Hezbollah’s provocations are just one element within a wider pattern of Iranian warmongering aimed at entrenching Tehran’s regionwide dominance, and enhancing its diplomatic leverage in nuclear negotiations.
Baria Alamuddin
There have been over 150 such attacks on ships over the past three years, with Iran using drones, mines, bombs attached to ships’ hulls, rockets and explosives-laden boats. In most cases these attacks haven’t been acknowledged by the concerned parties. One of Iran’s largest warships recently sank in mysterious circumstances. This runs parallel to dozens of attacks against Iran’s military, nuclear and civilian infrastructure, presumably by Israel. It’s a miracle the sides haven’t already plunged the region into wholesale war.
Matters are made infinitely worse by the fact that Israel and Iran are both now governed by figures whose names have long been synonymous with murderously fanatical extremism. Even among Israel’s extreme-extreme-right leadership, Naftali Bennett was one of few figures who openly advocated evicting all Palestinians and annexing the West Bank, while boasting about killing Arabs. To make matters worse, an embittered Netanyahu has been arguing that Bennett isn’t man enough to do what it takes against Iran. In response, a rattled Bennett last week delivered a hammy TV performance, glaring menacingly at the camera and growling: “We know how to convey the message to Iran in our own way.”
Iran meanwhile has sworn in a mass murderer as president. A trial in Sweden will be a continuing reminder of this, with one of Ebrahim Raisi’s former cronies being prosecuted for the mass murder of dissidents in 1988 — a slaughter that Raisi boasted about personally overseeing. He isn’t just an extremist hardliner, he’s the guy who spent his career executing the bloody tasks that other extremist hardliners were too squeamish to do themselves. Just how worried do we need to be about the world’s security prospects?

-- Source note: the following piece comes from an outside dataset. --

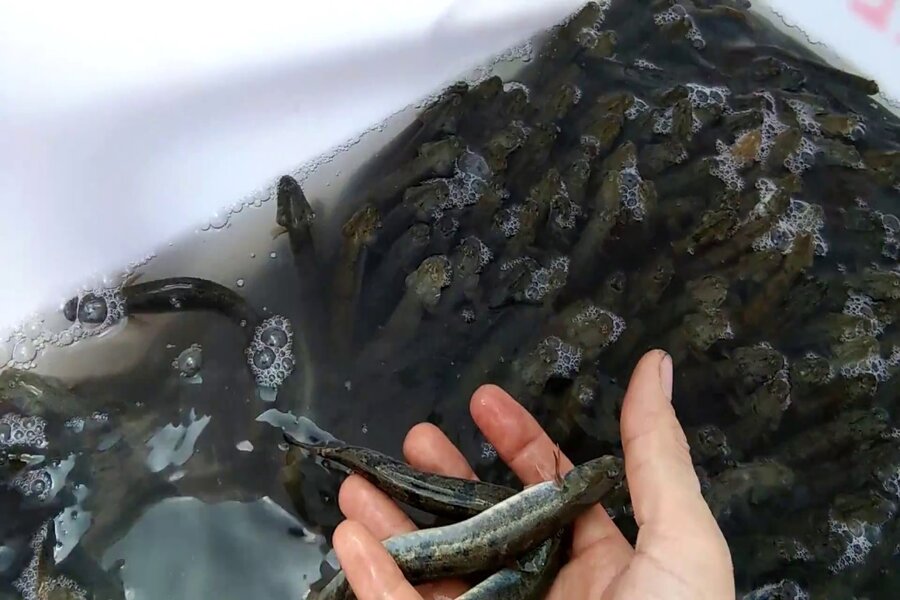 kỹ thuật nuôi cá kèo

And why did the EU send top diplomat Enrique Mora to this butcher’s inauguration? So much for Europe’s tough stances on democracy and human rights. Considering the ominous developments under eight years of a “moderate” president, we should be desperately worried about what Iran will be capable of now that all hardliner power centers are in alignment.
In a lot of Western reporting and diplomatic debate about Iranian aggression there’s a conspicuous note of “it could have been worse.” I lose count of the number of officials who brush off my questions with such platitudes: The latest attacks against ships in the Gulf could have been worse; the latest Hezbollah-Israel tit-for-tat could have been worse; strikes against US bases in Iraq could have been worse; Houthi missile attacks on Saudi Arabia could have been worse ...
Everywhere we see the cowardly diplomacy of futile statements, papering over the cracks, appeasing pariah regimes, while ignoring ominous long-term trends, while Iran continues ratcheting up its threatening regional posture.
While we can be thankful that none of these recent incidents escalated into something infinitely worse, these are daily events the media often scarcely bothers to report which renders it almost an inevitability that we will awaken one morning to find that everything has erupted in flames.
• Baria Alamuddin is an award-winning journalist and broadcaster in the Middle East and the UK. She is editor of the Media Services Syndicate and has interviewed numerous heads of state.